Inexpensive Golf Cart Control
The concrete cinder blocks and fence rails were recycled for golf cart control adjacent to the starter’s building by No. 1 tee at the Aspen Golf Club in Colorado. General manager Jim Pratt came up with the idea after seeing it being utilized outside a local Home Depot store. Superintendent Dominic Lanese III likes the ease of moving the cinder blocks and rails by his staff when mowing and edging adjacent to the golf cart parking area. Jim Sivess, former superintendent at the Snowmass Club, is the president of the Aspen Golf Club Advisory Board. Frank Hummel was the original architect and Dick Phelps and Rick Phelps have been the remodeling architects over the years.
Thwarted Thievery
In the past, traditional tee markers were stolen on occasion, used as souvenirs by golf enthusiasts at the Aspen Golf Club in Colorado. Heavy metal angle iron tee markers, fabricated by Myer’s Welding Company of Basalt, Colorado, weighing approximately 25 pounds each, stopped the thievery because of their weight since they were introduced in the mid-1990s.
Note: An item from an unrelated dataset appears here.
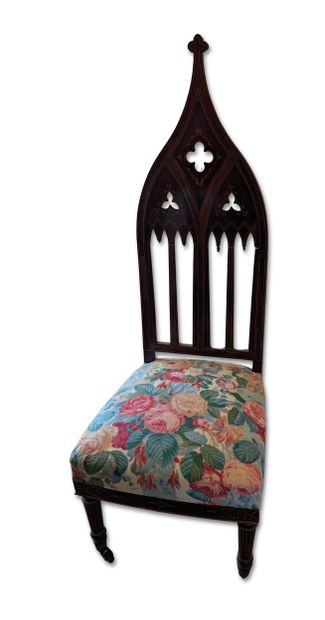 Pair of mahogany and veneer chairs
Neo-Gothic...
The club’s logo was lasered out of steel and welded into place. The angle iron was painted black in-house, and the logos were painted black, blue, white and yellow, for each respective tee marker location, before being welded to the angle iron on both sides. Each pair of tee markers cost approximately $75 initially and up to $100 now. Superintendent Dominic Lanese III and general manager Jim Pratt like the results.